If I have a few fish I want to freeze for later, Here is the best way I have found to do it. I put each trout into a large zip-log bag or a small milk carton and fill it with water. Pop it in the freezer. The trout encased in the ice keeps them fresh and firm. Very simple.

The couple weeks between now and the opening of spring gobbler season on May 3 are prime, not only for trout fishing but for gobbler scouting. Here’s a good time to get two birds with one stone, so to speak. On Saturday, if that is your only day to fish, or on any day you can get out, put your fishing gear in the back and go to your favorite gobbler-listening spot just at daylight. Pinpoint a couple birds and then put on the gear and hip boots and go to the stream or lake and catch a few fish. Makes for an early day but a satisfying one.

April, however, is a terrific time to scout for gobblers while you are fishing streamside. There is little foliage to impede the sound and if you just keep your ears open you’ll hear gobbles coming from the mountains sides throughout the day. Mark that in your memory and figure out how to get to that spot from the top of the mountain so you don’t have to climb up from the bottom.

Prime time for this roosting-fishing duet is at dusk however. I’ve often scouted in the early morning hours, taken a nap in my vehicle mid-morning and then gone fishing in the afternoon. Fish often bite better in the late afternoon when fishing pressure has usually subsided a bit. And gobblers, heading off for the roost, are vocal. When they fly up to roost at dusk, they like to sound off to let their hens know just where they are. If there is a stream or lake around, gobblers very often prefer to roost on the side that faces the water.

Some years ago, I was fishing one of my favorite trout streams, Schrader Creek in Bradford County, and I was a couple miles up the old railroad bed that bordered the stream and the bottom of the mountain. As I cast over a big pool, I heard several thunderous gobbles coming from near the top of the mountain. Each successive gobble told me this was a hot bird I could interest in the morning.

I didn’t know how to get to that particular hollow from the top of the mountain so I knew that if I wanted to work that bird in the morning, I’d have to walk in to this very spot in the morning, climb the ridge (I don’t do this anymore) and be in place near him by dawn.

The next morning, I parked my truck at the Game Commission gate along the stream. It was 3 a.m.; very still and very dark. I relished the two-mile hike up that old railroad bed, led by mini-mag flashlight. I didn’t relish the climb so much but this was all such a challenge. When he sounded off at dawn, I was right in place.

I’d like to be able to spin a story of how I worked that gobbler and finally bagged him but not that day. He was smarter than I. He had a harem and I was not able to draw him away from them that morning. But I had an exciting hunt and knew where he was. I went back and worked him later in the season. When the hunt was over, I hiked back to my truck, had my peanut butter sandwich and granola bar, took a snooze and went fishing later. In my opinion, that is the life.

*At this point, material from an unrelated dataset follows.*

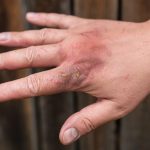 first degree skin burn hand burns wounds hot bo 2023 11 27 05 02 41 utc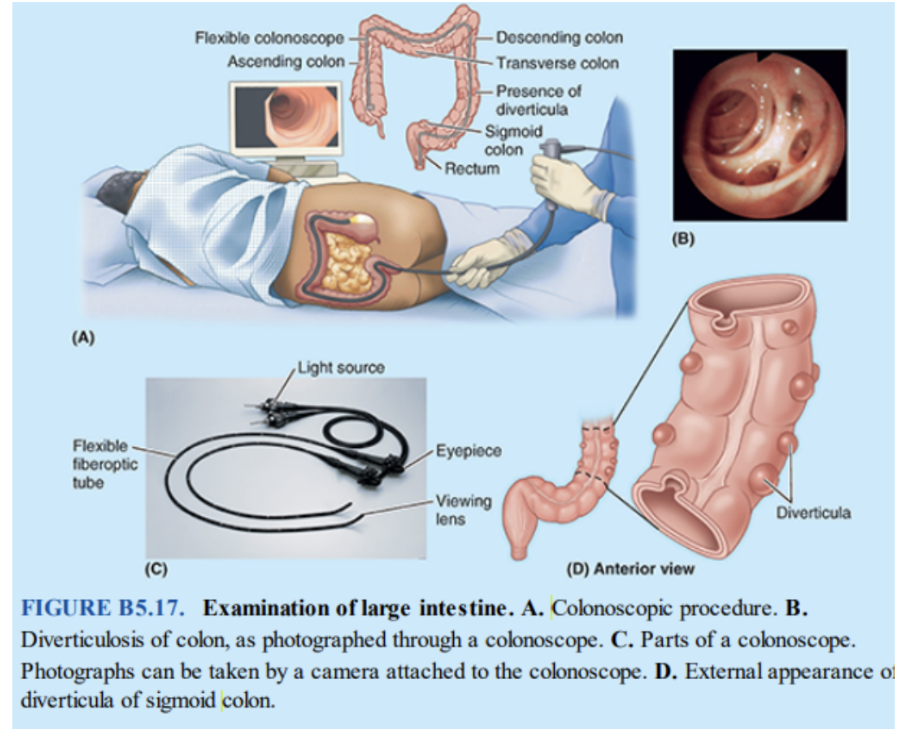 <ul><li><p>Procedure observing &amp; photographing the interior of the colon using a long, flexible fiberoptic endoscope (colonscope), inserted into the colon through the anus &amp; rectum</p></li><li><p>The interior of the sigmoid colon is observed with a sigmoidoscope — a shorter endoscope — in sigmoidoscopy</p></li><li><p>Small instruments can be passed through both instruments &amp; used to facilitate minor operative procedures — ex. biopsies or polyps removal</p><ul><li><p>Most tumors of the large intestine occur in sigmoid colon &amp; rectum (often near rectosigmoid junction), or ascending colon</p></li></ul></li><li><p>Colorectal cancers have different characteristics based on where they are in the colon or rectum —</p><ul><li><p>Ex. tumors in ascending colon are more common among women &amp; older patients, whereas rectosigmoidal tumors are more common among men &amp; younger patients. Cancers of transverse or descending colon are less common </p></li></ul></li></ul>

I’ve located many a gobbler while I was trout fishing. That’s the reason I always have a mouth call along with me when I go up any trout stream. When there is no other angler near me to hear, I let go with a few yelps to see if I get an answer and I often do. It’s an especially good way to locate gobblers in more remote places, gobblers that probably have not been shafted around much by other hunters and may not be so hard to interest.

If a stream is running high and noisy or the wind is blowing hard you might not be able to hear a gobbler over the noise but on most spring evenings, if I put my ears into listening mode, I am quite often tipped off to a gobbler’s hangout.